The World Bank has become infamous for its use of the latest fashions in development rhetoric without these much affecting its own core activities. Do you think that's fair?
MICHAEL HARNEY / PANOS
To a certain degree it is. Basic needs, import substitution, export-led development, women and development - those things are all a bit of the 'flavour of the month' at the Bank. They do breed a certain cynicism not only outside but also within the Bank. People tended to look at environment and development in the same way - 'let's not invest in it because pretty soon it will be gone'. That was a mistake. The environmental concern has not gone away - it has got stronger and stronger due to outside pressure and to some degree of internal conviction.
Do you think Southern distrust of Northern environmentalism is legitimate?
Oh sure it is. It's self-serving in many ways for the élites of the South but there is a great legitimacy to it. This is the main problem with pushing sustainable development through an institution like the World Bank that has leverage over the South but no leverage over the North. Because the main problem of sustainability resides in the North. It's the North that's overconsuming. It's the North that's pushed depletion and pollution to unsustainable limits. I think that the South has every reason to be suspicious of the North and what I would really like to see is the South exerting some back pressure on the North and saying 'We recognize the reality of the environmental problems and recognize that we cannot generalize your levels of consumption to the whole world. But don't ask us in the South to take any actions that you have not already taken in the North.'
Is there still room for economic growth in the South'?
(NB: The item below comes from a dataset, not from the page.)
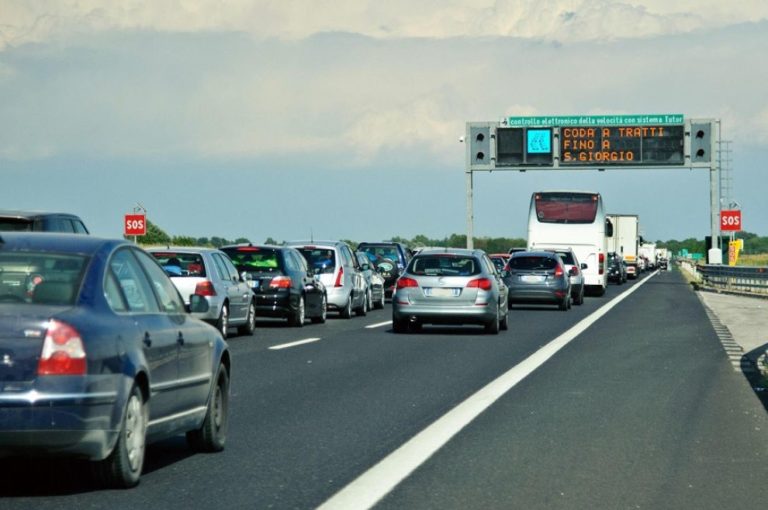 Esodo estivo, weekend da bollino rosso: allarme caldo in sei città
I think we have already exceeded the real limits and we are destroying the eco-system already. So in the global sense I really don't think there is room for any more growth anywhere. However given the tremendous disparity between the North and the South it's very difficult just to say 'too bad, you got here too late so you stay poor'. The real way to make room for further growth in the South is to reduce growth in the North. The North should concentrate on efficiency and qualitative development and reduce the level of through-put. Maybe the South for a little while will have to increase physical through-put because of having so many people in such dire poverty. But we are going to pay dearly for that - it's a difficult thing because you are really trading the present for the future and the choices are difficult. If the South were to get serious about limiting population growth and the North were to get serious about limiting consumption that could be the basis of a North-South bargain where each side really did something.
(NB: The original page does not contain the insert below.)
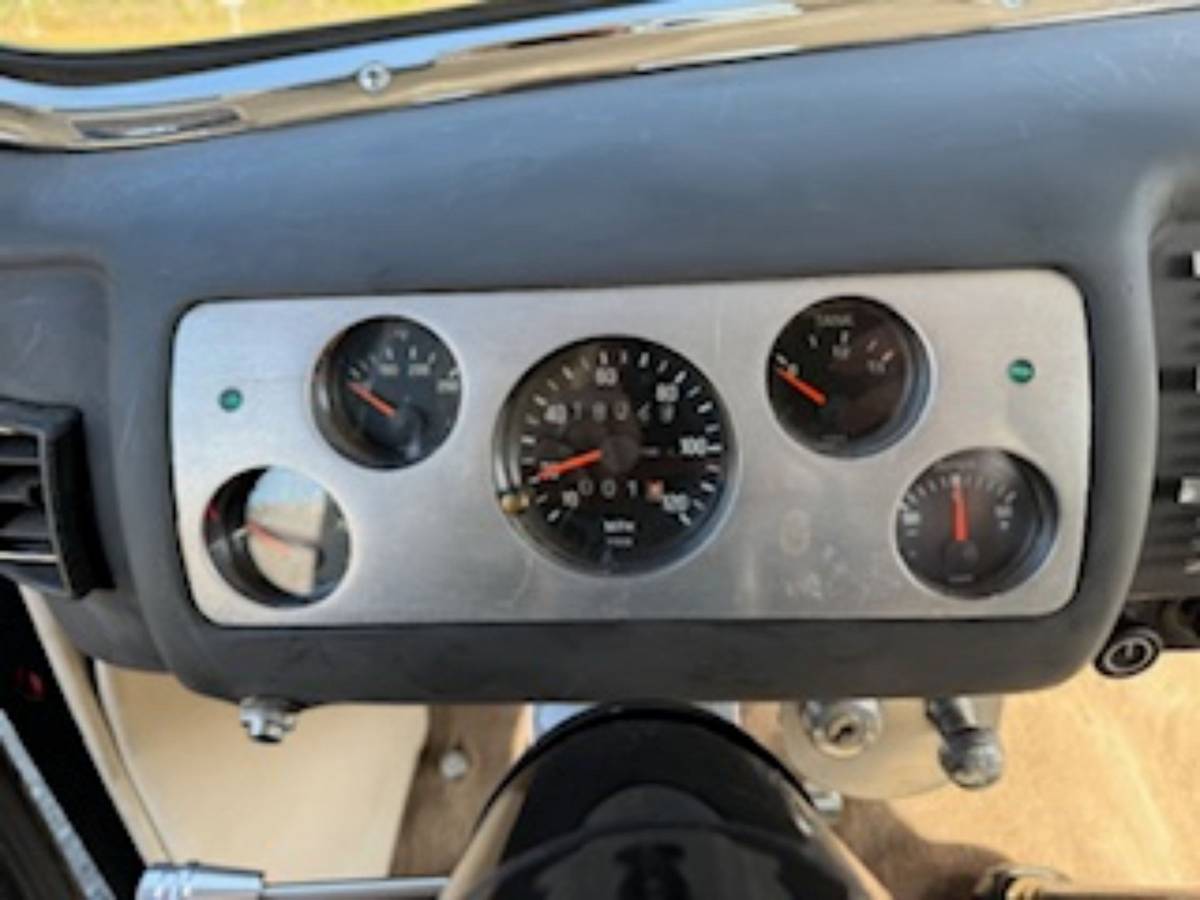 Ford-coupe-1940-black-10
It's very hard to imagine that any of these kinds of changes can take place within a notion of economic life that privileges selfishness.
I think that is ultimately a religious question of treating other people as your brother and sister and not being willing to have too big an inequality. We've escaped from that with the notion that we all grow, grow, grow and the fact that one person has more doesn't mean that someone else is going to have less. That's been an easy buying off of the inequality issue.
If we are reducing the capacity of the earth to support life then I think we just have to recognize that is wrong. People from traditional religions have no difficulty recognizing that. For them life and the world are divine gifts. Unless we get back to that kind of childlike acceptance of the gift and gratitude for it then I don't see that we are going to be able to base our restraint on anything. I don't see any self-interested rationalistic kind of model that is going to do much for the biosphere.